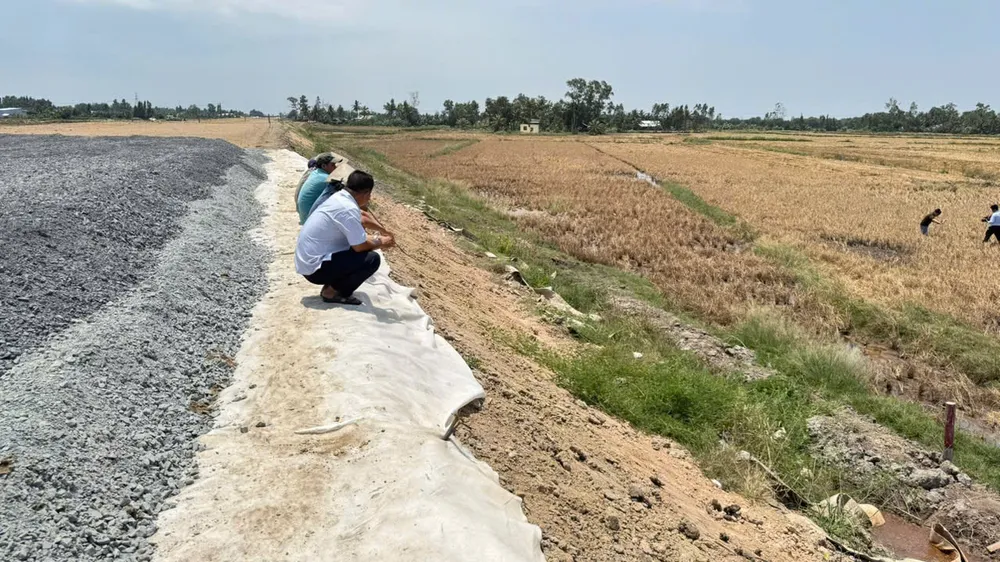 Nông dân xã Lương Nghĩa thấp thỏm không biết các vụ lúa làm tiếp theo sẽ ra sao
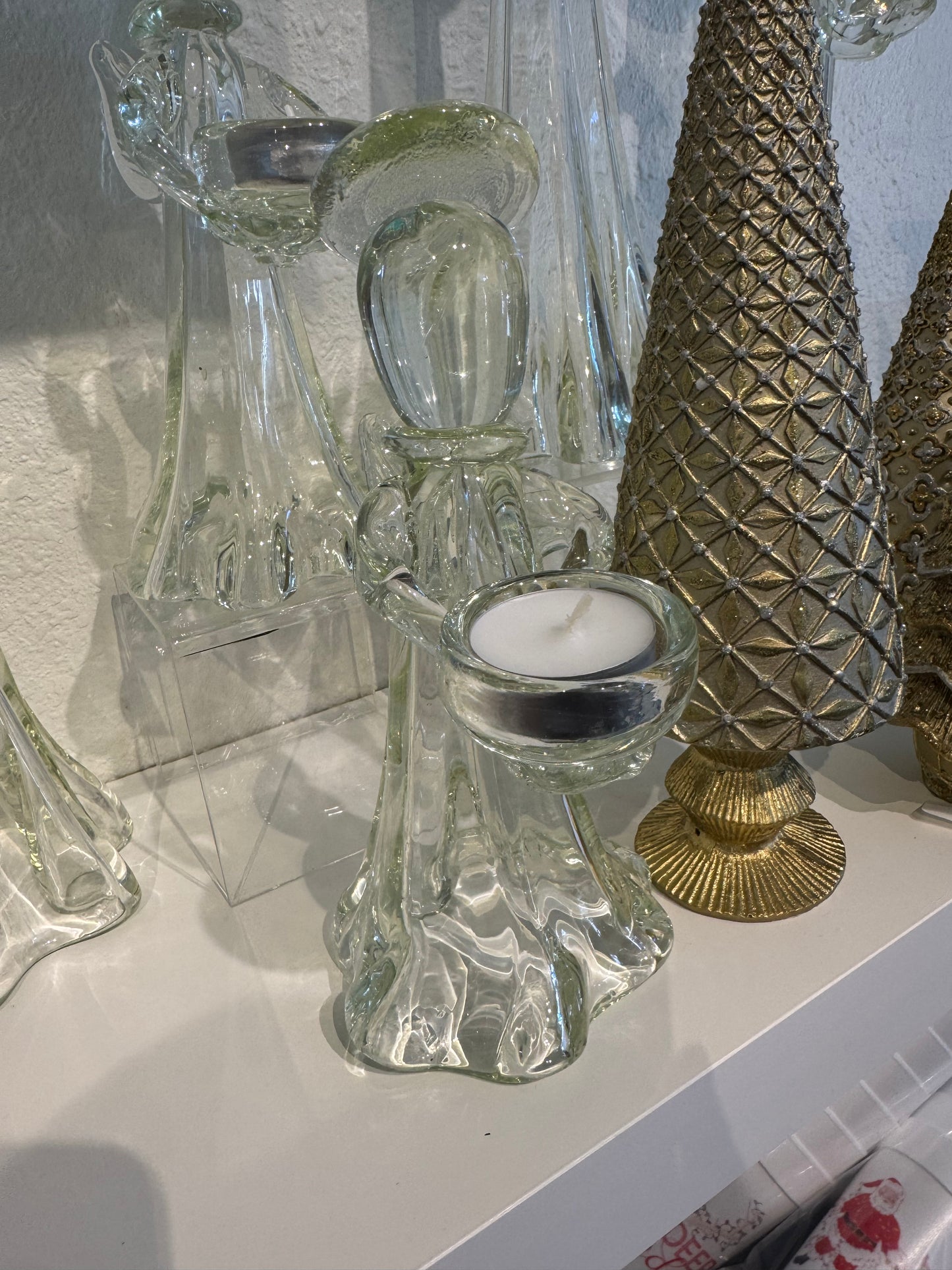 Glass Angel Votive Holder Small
* * *
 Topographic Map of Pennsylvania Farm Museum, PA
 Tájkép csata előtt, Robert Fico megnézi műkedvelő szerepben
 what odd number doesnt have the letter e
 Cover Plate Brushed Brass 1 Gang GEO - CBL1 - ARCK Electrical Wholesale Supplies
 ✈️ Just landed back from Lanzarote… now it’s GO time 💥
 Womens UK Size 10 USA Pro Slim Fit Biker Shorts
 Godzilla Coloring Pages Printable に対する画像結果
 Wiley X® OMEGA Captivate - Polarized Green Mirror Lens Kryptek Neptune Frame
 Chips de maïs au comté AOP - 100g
* * *
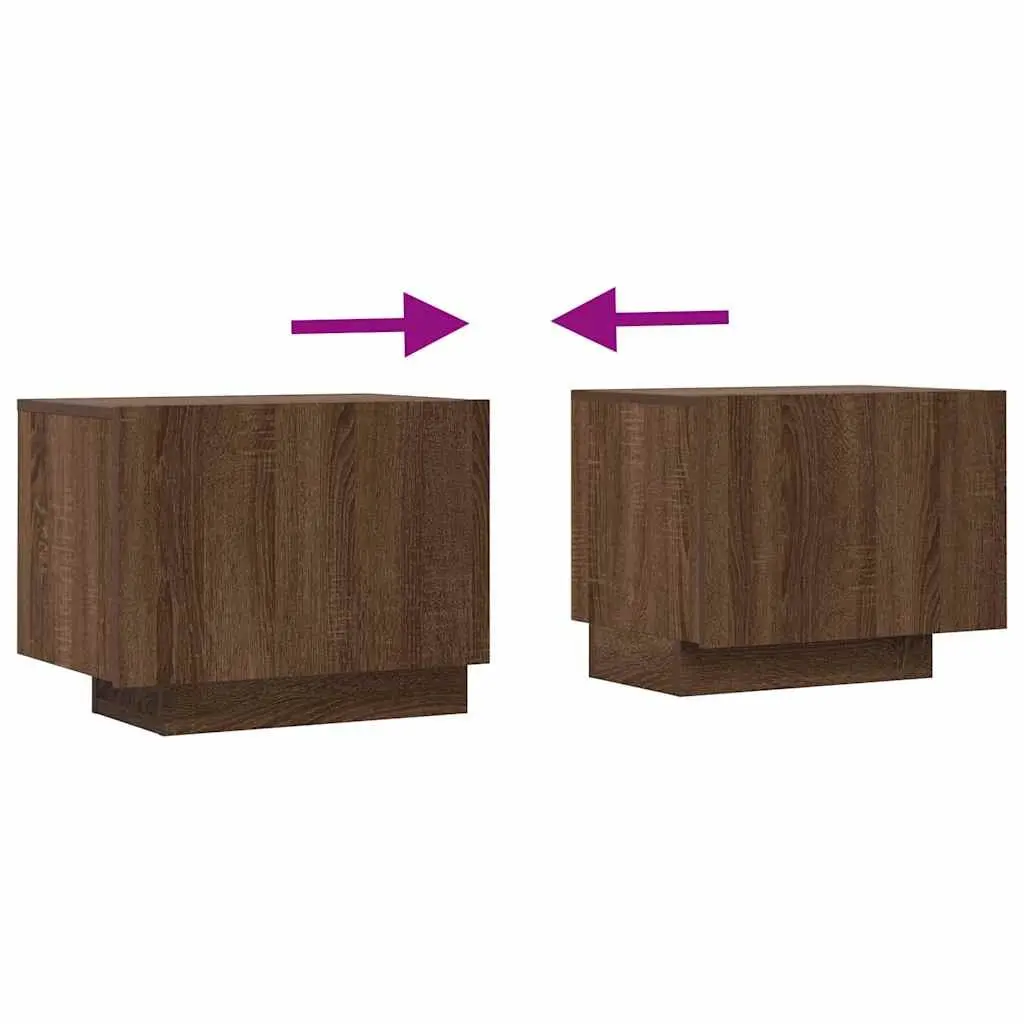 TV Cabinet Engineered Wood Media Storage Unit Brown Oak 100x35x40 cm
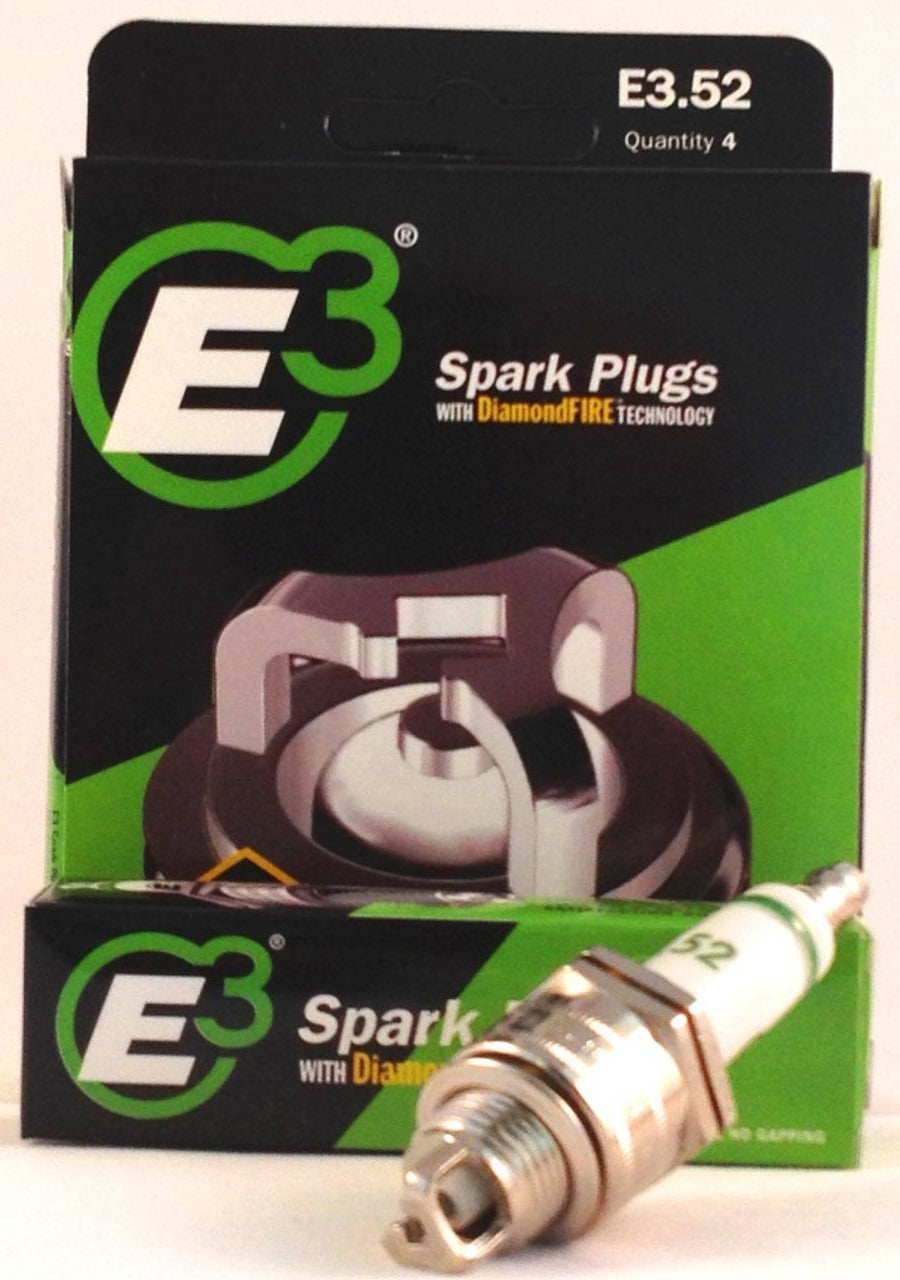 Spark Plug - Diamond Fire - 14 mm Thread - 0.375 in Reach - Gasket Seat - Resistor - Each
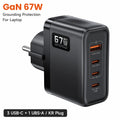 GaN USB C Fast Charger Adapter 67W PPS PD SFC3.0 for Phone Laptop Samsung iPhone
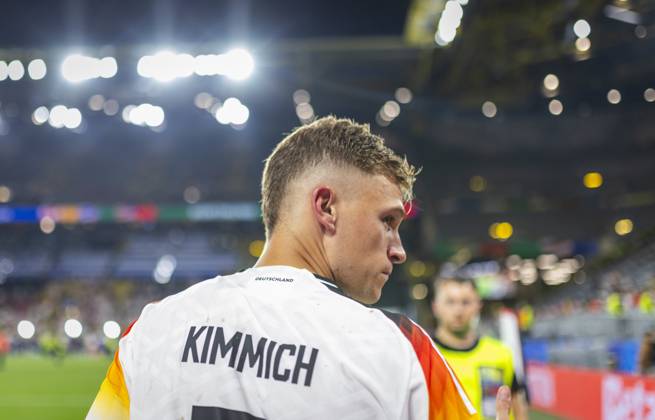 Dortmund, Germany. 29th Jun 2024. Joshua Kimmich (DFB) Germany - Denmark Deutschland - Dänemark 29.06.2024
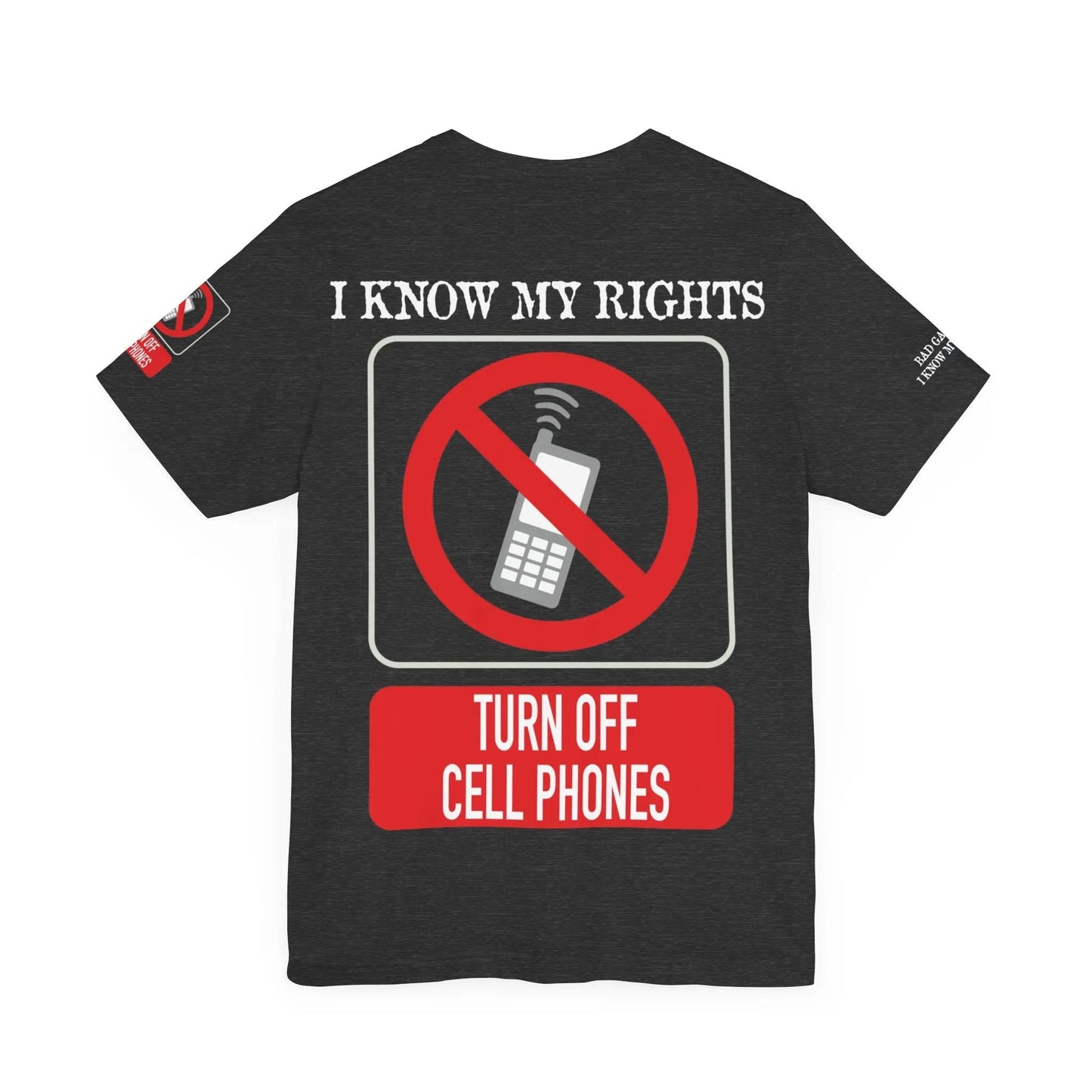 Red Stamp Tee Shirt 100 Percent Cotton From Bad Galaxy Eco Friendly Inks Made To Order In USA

■ **About this exercise**
Look back at the data above, then output exactly the lines from the line holding "TV Cabinet Engineered" up to and including the line holding "GaN USB C Fast". Leave out the pictures.

■ **Output of the exercise**
 TV Cabinet Engineered Wood Media Storage Unit Brown Oak 100x35x40 cm
 Spark Plug - Diamond Fire - 14 mm Thread - 0.375 in Reach - Gasket Seat - Resistor - Each
 GaN USB C Fast Charger Adapter 67W PPS PD SFC3.0 for Phone Laptop Samsung iPhone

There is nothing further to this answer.